PennyLane Documentation

Release:0.7.0

PennyLane is a cross-platform Python library for quantum machine learning, automatic differentiation, and optimization of hybrid quantum-classical computations.

Features

_images/intro.png
  • Follow the gradient. Built-in automatic differentiation of quantum circuits.
  • Best of both worlds. Support for hybrid quantum and classical models; connect quantum hardware with PyTorch, TensorFlow, and NumPy.
  • Batteries included. Provides optimization and machine learning tools.
  • Device independent. The same quantum circuit model can be run on different backends. Install plugins to access even more devices, including Strawberry Fields, IBM Q, Google Cirq, Rigetti Forest, Microsoft QDK, and ProjectQ.

Getting started

For getting started with PennyLane, check out some of the key concepts behind quantum machine learning, before moving on to some introductory tutorials.

Then, take a deeper dive into quantum machine learning by exploring cutting-edge algorithms using PennyLane and near-term quantum hardware, with our collection of QML tutorials.

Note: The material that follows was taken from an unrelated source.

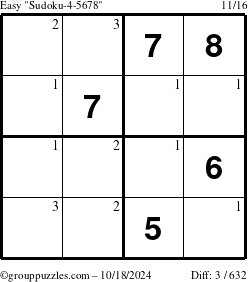 The grouppuzzles.com Easy Sudoku-4-5678 puzzle for Friday October 18, 2024 with the first 3 steps marked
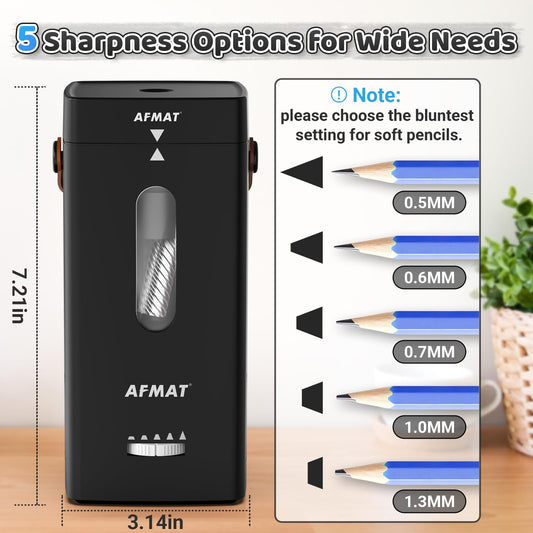 ✅Newest Model With Best Features✅Newly Upgraded Fully Automatic Rechargeable Electric Pencil Sharpener for 6-12mm No.2/Jumbo Pencils, 3X Longer Cutter Life,PSC6BK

You can also check out the Using PennyLane section for more details on the quantum operations, and to explore the available optimization tools provided by PennyLane. We also have a detailed guide on how to write your own PennyLane-compatible quantum device.

Finally, play around with the numerous devices and plugins available for running your hybrid optimizations—these include IBM Q, provided by the PennyLane-Qiskit plugin, as well as the Rigetti Aspen-1 QPU provided by PennyLane-Forest.

How to cite

If you are doing research using PennyLane, please cite

Ville Bergholm, Josh Izaac, Maria Schuld, Christian Gogolin, Carsten Blank, Keri McKiernan, and Nathan Killoran. PennyLane: Automatic differentiation of hybrid quantum-classical computations. 2018. arXiv:1811.04968

Support

If you are having issues, please let us know by posting the issue on our GitHub issue tracker.

We also have a PennyLane discussion forum—come join the discussion and chat with our PennyLane team.

License

PennyLane is free and open source, released under the Apache License, Version 2.0.